Heat-generating waste provides a number of additional technical challenges over and above those associated with the disposal of ILW. A priority area of work for Radioactive Waste Management (RWM) concerns the effect of heat on the engineered barrier system, and how this may be mitigated through the management of heat (thermal dimensioning) in a UK Geological Disposal Facility (GDF). The objective of thermal dimensioning is to provide a strategy to enable acceptable waste package loading and spatial configurations of the packages to be determined in order to enable high-heat generating waste to be successfully disposed in a GDF. An early focus of the work has been to develop a thermal modelling tool to support analyses of different combinations of package assumptions and other GDF factors, such as spacing of those packages, to assess the compliance with thermal limits. The approach has a capability to investigate quickly and efficiently the implications of a wide range of disposal concepts for the storage of spent fuel/HLW and the dimensions of a GDF. This study describes the approach taken to undertaking this work, which has included a robust appraisal of the key data (and the associated uncertainty); recent thermal dimensioning analysis has been performed to identify constraints on those disposal concepts.

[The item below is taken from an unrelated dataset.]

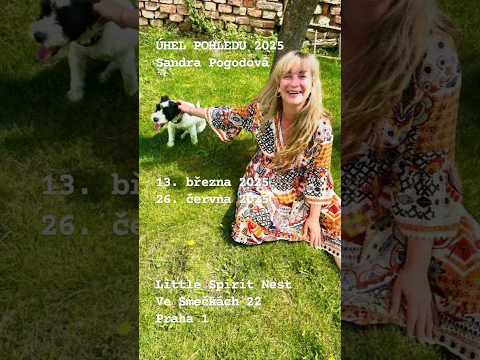 ÚHEL POHLEDU 2025 • SANDRA POGODOVÁ • 13.3. & 26.6. 2025 #uhelpohledu #sandrapogodova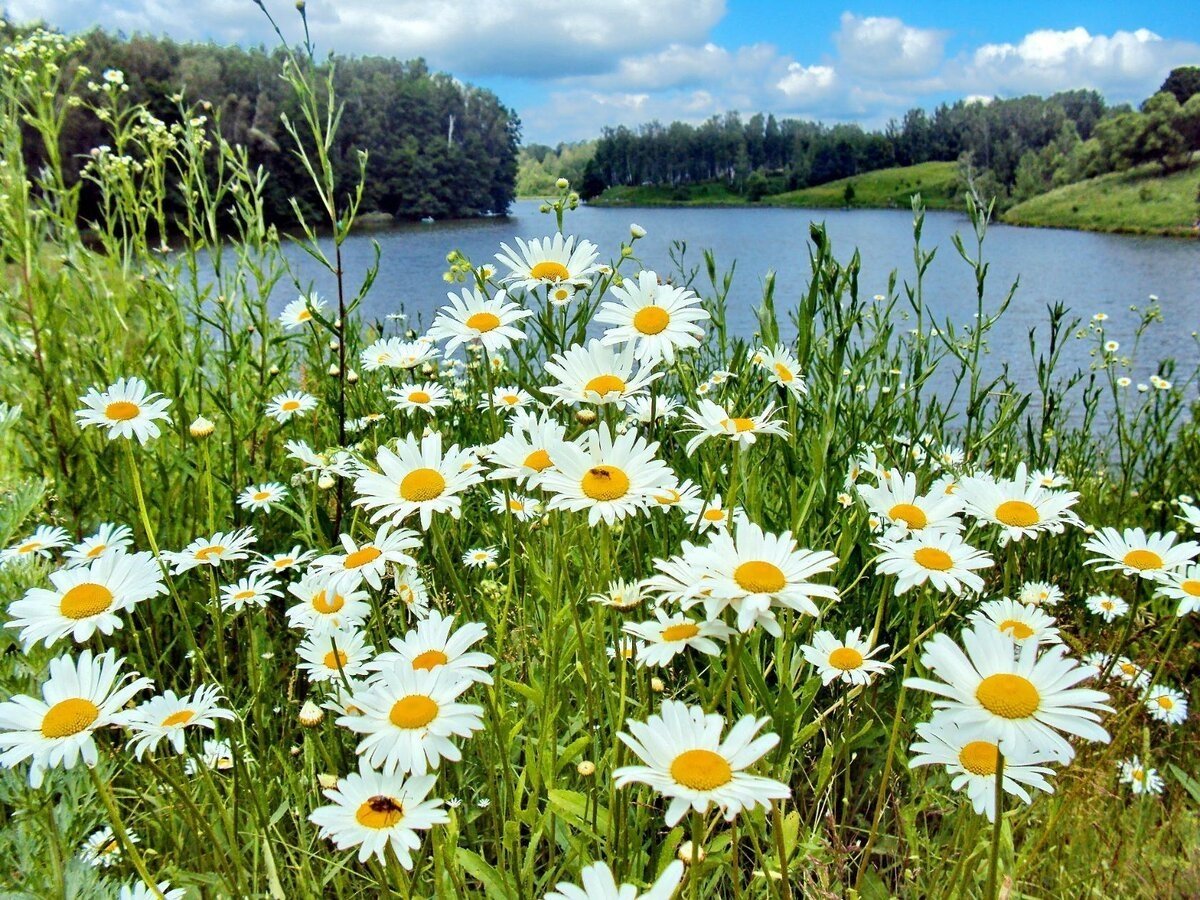 Красивые пейзажи с ромашками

The disposal of high-heat-generating wastes in a Geological Disposal Facility (GDF) creates a number of technical questions that need to be addressed in order that a safe disposal solution can be developed. Project Ankhiale has been established by Radioactive Waste Management Limited specifically to address these questions. The project aims to enhance the understanding of the factors affecting geological disposal of high-heat generating wastes with a view to supporting the development of the disposal system specification for these wastes (i.e. the disposal system requirements) and spent fuel life cycle options (e.g. supporting the development of packaging solutions). A full description of the scope of work being undertaken is provided in the project roadmap (Holton et al., 2012).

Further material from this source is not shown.